Datadog has been graded as a Leader in the latest Gartner Magic Quadrant for API and Observability. In StackShare community, Datadog has been mentioned in 1271 company stacks and 6360 developer stacks. It supports community APIs and extensions to integrate with existing IT infrastructure. Datadog is a major contributor to OpenTelemetry. Its learning platform offers web-based coding labs. It enables new users to get hands-on experience in a simulated environment and plunges users into the workflow from the start.
The Datadog interface offers extensive functionality and supports further customization to dashboards and interfaces. With many supported features, it could be difficult for new users who may be overwhelmed by the number of options. They definitely need to take their time to fully understand its features and how to maximize the benefits of those services. In the beginning, it can be hard to track the log data, and create and manage the customer dashboards. Datadog can work with a wide array of data formats and sources. However, it’s not a platform that can deal with a large number of information sources. Data formats, such as .xml, .csv and .json, are not supported.
Datadog prices out at around $15 per user. It has an open pricing policy with published prices. Its pricing per-month options include per host, per million events, and per GB of analyzed log files. As a SaaS-based tool, Datadog offers generally low prices.
Dynatrace
Dynatrace is a software-intelligence monitoring platform offering various tools focused on monitoring modern infrastructures and distributed applications, user experience, and business intelligence.
Key features:
- Provides a single agent to automatically discover, instrument and collect monitoring metrics for all types of entities in application environment
- Ingests metric data and events into its AI engine and provides code-level visibility and root-cause answers for applications
- Uses an interactive topology map to visualize the dynamic relationships among all application components across every tier
- Supports automated remediation through integration with any CI/CD tools
- Monitors cloud environments, virtual machines, network, process, host, server-side service, mobile app and real user
- Discovers and monitors dynamic microservice workloads running in containers
- Monitors message queues to gain visibility into microservice communications
- Provides full front-to-back observability ensuring every application is available, functional, and efficient across every channel for the best customer experiences
Dynatrace is an all-in-one platform that monitors the application performance, the underlying infrastructure and the experience of the end users, thanks to its integrated AI engine. Dynatrace deployment is fairly straightforward. The initial setup process offers sufficient onboarding support for deploying the agent based on the environment. It supports configuring the agent from its Web UI. This makes the setup of log monitoring and APM relatively seamless. Dynatrace’s documentation offers sufficient support to deploy, set up and tweak the agent. Dynatrace University is available directly from the UI via a link in the user settings drop-down menu.
Dynatrace can be deployed either as a SaaS solution with its data being retained in the cloud, or as a self-managed solution that allows customers to maintain control of where their data resides, whether in the cloud or on-premises. This deployment model can really help in the context of tightening data protection laws in the customer's environment.
Dynatrace has been named as a Leader in the latest Gartner Magic Quadrant for APM and Observability. In the latest Gartner Critical Capabilities report, Dynatrace has obtained the highest scores in 4 of 6 use cases, ranked as #1 IT Operations, Digital Experience Monitoring (DEM), DevOps/AppDev and SRE/Platform Operations. Dynatrace is a major contributor to OpenTelemetry.
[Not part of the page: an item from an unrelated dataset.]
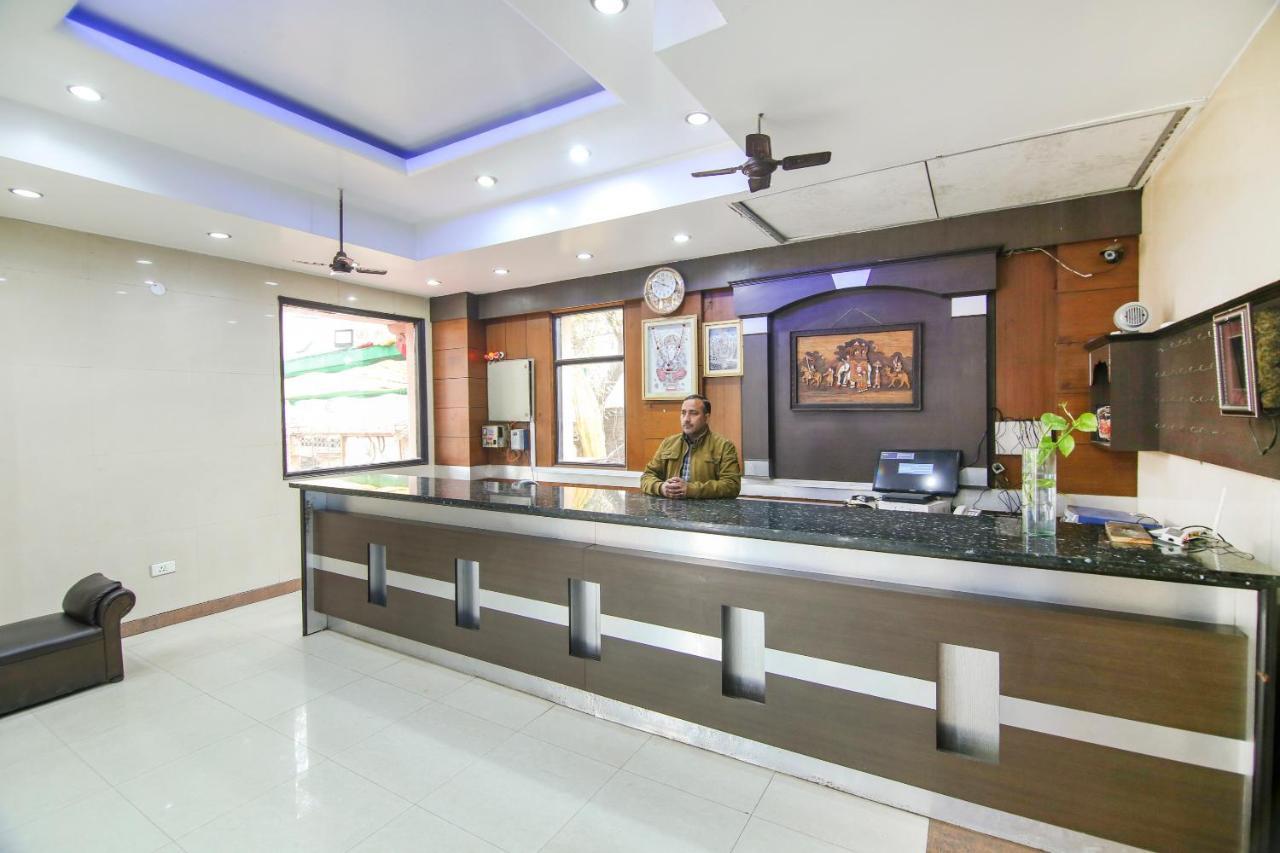 Capital O 68148 Hotel Shree Jee Palace Ghaziabad Exterior photo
Its roadmap for OpenTelemetry also puts it ahead of many of other APM tools.
Dynatrace offers minimal alerting, but almost no problem/incident management features out-of-the-box. The third-party incident management and status page solutions must be integrated. Dynatrace has no capabilities in the area of federated, hierarchical, or edge AI/ML.
Dynatrace offers a full-stack pricing model, starting at $74/month per 8 GB per host. It also offers individual product pricing models, such as infrastructure monitoring, digital experience monitoring, application security and open ingestion, etc. Each of those pricing models works as an add-on and is not included in the full-stack. They are charged with additional cost.
Elastic
Elastic is a distributed search and analytics solution.
Key features:
- Operates in a distributed environment with scalability and resiliency
- Allows full control over data, users and cluster operations with a variety of management tools, such as snapshots, index lifecycle, data tiers, data streams
- Protects data with a list of security features, such as keystore, encrypted communications, RBAC, IP filtering, security realms, SSO and audit logging
- Supports customized and reliable alerting and notification integration with any other third-party systems
- Allows to work with data using various language clients, Elasticsearch DSL and SQL, and REST APIs
- Extends Elasticsearch functionality with various plugins and integrations
- Runs and manages Elasticsearch across public cloud, private cloud and Kubernetes using Elastic Cloud, Elastic Cloud Enterprise and Elastic Cloud on Kubernetes
- Ingests any data type using language clients, ingest nodes, lightweight shippers or Logstash
- Enriches raw data using a variety of analyzers, tokenizer, filters, and enrichment options
- Supports document storage, time series analysis and metrics, and geospatial analytics
- Provides full-text search capabilities with its inverted index, tunable relevance scoring and advanced query DSL
- Finds data relationships through aggregations and graph exploration and creates alerts
- Models and automates the analysis of time series data, combines alerting and inference using machine learning
Elastic builds and maintains the Elastic Stack, an all-in-one platform built upon the proven Elasticsearch, Logstash, and Kibana (ELK) Stack for the logs, metrics, and application trace data with a multitude of out-of-the-box integrations. Elastic Stack is the foundation for its primary solutions, Elastic Enterprise Search, the fleet of search solutions, Elastic Observability, the solution for unified visibility across logs, metrics and APM data, and Elastic Security, the solution that unifies endpoint protection and SIEM. You can easily deploy any of these solutions as a managed service with Elastic Cloud, with one stack powering three solutions.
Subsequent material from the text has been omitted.